Vestius heeft in de verstekprocedure gevorderd dat de rechtbank bij uitvoerbaar bij voorraad te verklaren vonnis [gedaagde] zal veroordelen tot betaling van € 50.091,33 aan openstaande facturen, € 975,91 aan buitengerechtelijke kosten en de proceskosten, waaronder de beslagkosten en de nakosten, te vermeerderen met wettelijke rente.
3.2.
Bij verstekvonnis van 4 december 2019 (hierna: het verstekvonnis) zijn de vorderingen van Vestius toegewezen behoudens de buitengerechtelijke kosten en is [gedaagde] veroordeeld in de proceskosten, de beslagkosten en de nakosten.
3.3.
[gedaagde] vordert in het verzet dat zij wordt ontheven van de veroordeling tegen haar uitgesproken in het verstekvonnis en dat de vorderingen van Vestius alsnog worden afgewezen, met veroordeling van Vestius in de werkelijk gemaakte kosten van de verzetprocedure en de nakosten, te vermeerderen met de wettelijke rente.
3.4.
Op de stellingen van partijen wordt hierna, voor zover van belang, nader ingegaan.
in reconventie
3.5.
[gedaagde] vordert samengevat bij vonnis, voor zover mogelijk uitvoerbaar bij voorraad, de overeenkomst van opdracht te ontbinden en Vestius te veroordelen tot betaling van € 132.418,01, vermeerderd met rente en kosten.
3.6.
[gedaagde] heeft het gevorderde bedrag van € 132.418,01 als volgt gespecificeerd:
a. € 63.797,50 aan schade als gevolg van de gemiste schikkingskans;
b. € 38.922,16 aan schade wegens kosten mr.
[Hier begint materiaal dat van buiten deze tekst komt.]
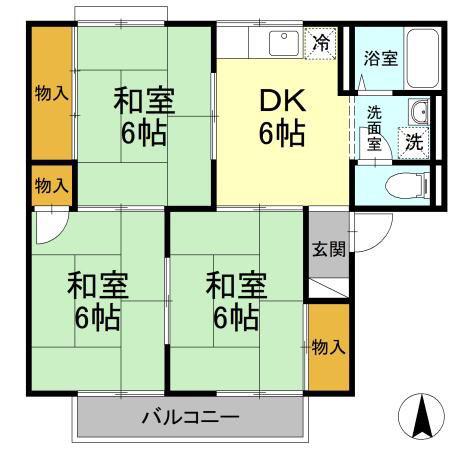 セジュール土居田A棟(3DK/2階)の間取り写真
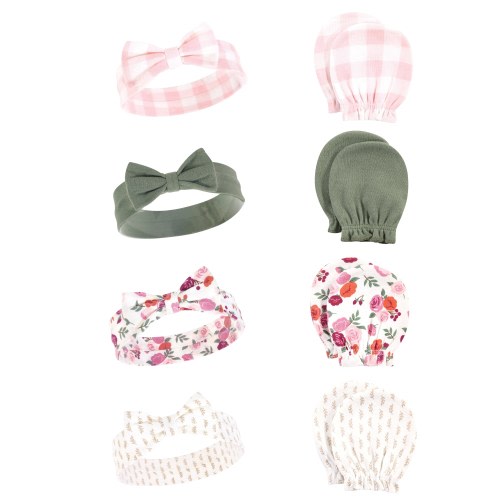 Hudson Baby Infant Girl Cotton Headband and Scratch Mitten Set, Fall Floral, 0-6 Months - Fall Floral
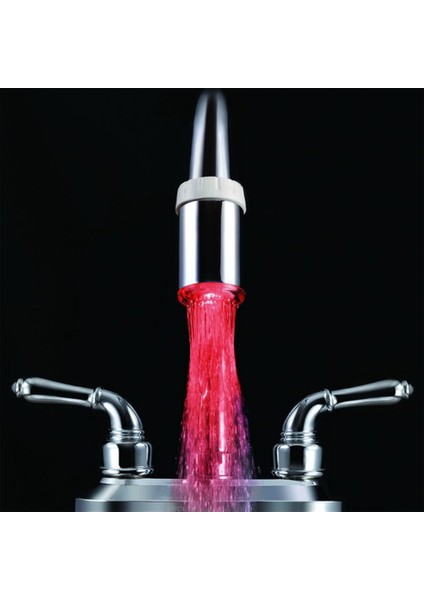 3 Renk Pil Yok LED Ev Mutfak Su Musluk Işık Değişen Duş Başlığı Gümüş ve Beyaz (Yurt Dışından) indirimleri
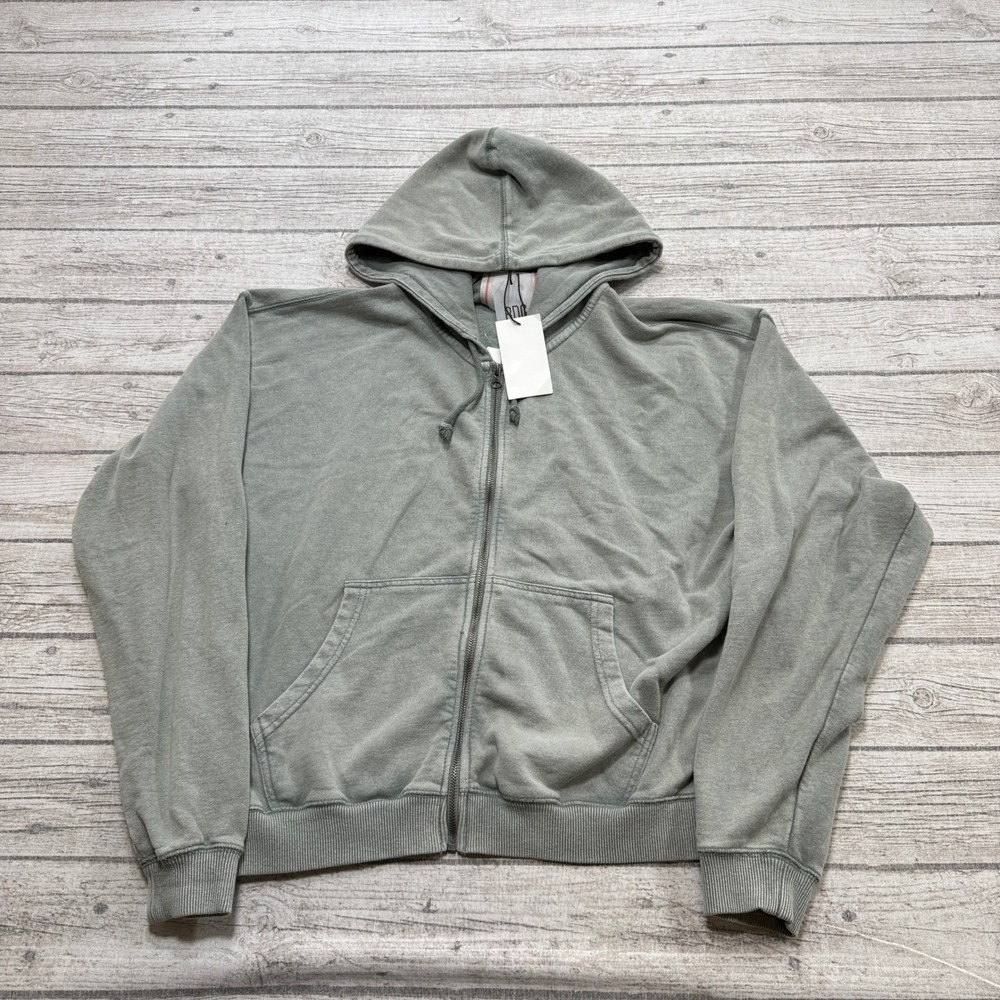 NEW BDG Hoodie Women's Small Sage Green Relaxed Fit Zip Up Sweatshirt Streetwear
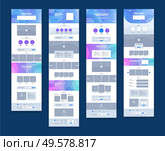 Modern website page design set in pastel colors with field for articles gallery logo contacts isolated on blue background flat vector illustration. Стоковая иллюстрация, агентство Ingram Publishing / Фотобанк Лори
Palthe;
c. € 3.086,59 aan schade wegens tolkkosten;
d. € 26.611,76 aan schade wegens onterechte beslaglegging.
3.7.
Vestius voert verweer.
3.8.
Op de stellingen van partijen wordt hierna, voor zover van belang, nader ingegaan.

4.De beoordeling

in conventie en in reconventie

4.1.
Het verzet is tijdig en op de juiste wijze ingesteld, zodat [gedaagde] in zoverre in haar verzet kan worden ontvangen.
4.2.
Gelet op hun onderlinge samenhang zullen de vorderingen in conventie en reconventie hierna gezamenlijk worden behandeld.
dagvaarding nietig?
4.3.
[gedaagde] stelt dat de dagvaarding niet rechtsgeldig is betekend. Dit baseert zij op het feit dat de eerder betekende beslagstukken door de nieuwe bewoner van het adres [adres 1] te [plaats 1] aan de centrale autoriteit zijn teruggestuurd en de centrale autoriteit een ‘certificate of non-service’ met betrekking tot de beslagstukken heeft afgegeven, waaruit blijkt dat haar adres niet meer juist was, zodat de latere betekening van de dagvaarding aan dat adres niet rechtsgeldig kon geschieden.
Dit betoog wordt verworpen. Om te beginnen staat vast dat met betrekking tot de dagvaarding wel een ‘certificate of service‘ van de centrale autoriteit is ontvangen, waarop is aangetekend dat de dagvaarding op het aangegeven adres is uitgereikt (‘good service’), zie hiervoor onder 2.23. Verder blijkt uit het met betrekking tot de beslagstukken afgegeven ‘certificate of non-service’ (zie hiervoor onder 2.21) dat de stukken door ‘defendant’ zijn teruggestuurd. Hieruit kon niet worden afgeleid dat het adres niet meer juist was. Dat betekent dat Vestius er van uit mocht gaan dat de betekening van de dagvaarding geslaagd was. Dat de centrale autoriteit de beslagstukken heeft teruggestuurd aan gerechtsdeurwaarder Toonen (zie hiervoor onder 2.22
)en in een email van 11 december 2019 (zie hiervoor onder 2.24) heeft verklaard dat in het genoemde ‘certificate of non-service’ ten onrechte is vermeld dat de ‘defendant’ de stukken heeft teruggestuurd, omdat de nieuwe bewoner van het adres de stukken heeft teruggestuurd, doet aan het voorafgaande niet af. Die (veel later gebleken) fout heeft mogelijk wel tot gevolg gehad dat de dagvaarding [gedaagde] niet heeft bereikt, maar dat komt niet voor rekening van Vestius, die immers mocht afgaan op het door de centrale autoriteit afgegeven ‘certificate of service’, en maakt de dagvaarding dan ook niet nietig.
betaling openstaande facturen
4.4.
[gedaagde] stelt dat mr. [voormalig advocaat] excessief heeft gedeclareerd. Zo zijn 21 uur aan werkzaamheden in rekening gebracht voor de vertaling van een reeds door [gedaagde] opgesteld 18 pagina’s tellende Engelse klacht bij het CRM, 63 uur voor het opstellen van de dagvaarding in de schadevergoedingsprocedure en 41 uur voor het opstellen van het verweer in de ontbindingsprocedure. Verder heeft Vestius onevenredig veel tijd gerekend voor het voorbereiden van diverse besprekingen en de zitting van 29 augustus 2018. Met de reeds betaalde € 13.173,27 is voor de gebrekkige dienstverlening van mr. [voormalig advocaat] volgens [gedaagde] ruimschoots betaald.
4.5.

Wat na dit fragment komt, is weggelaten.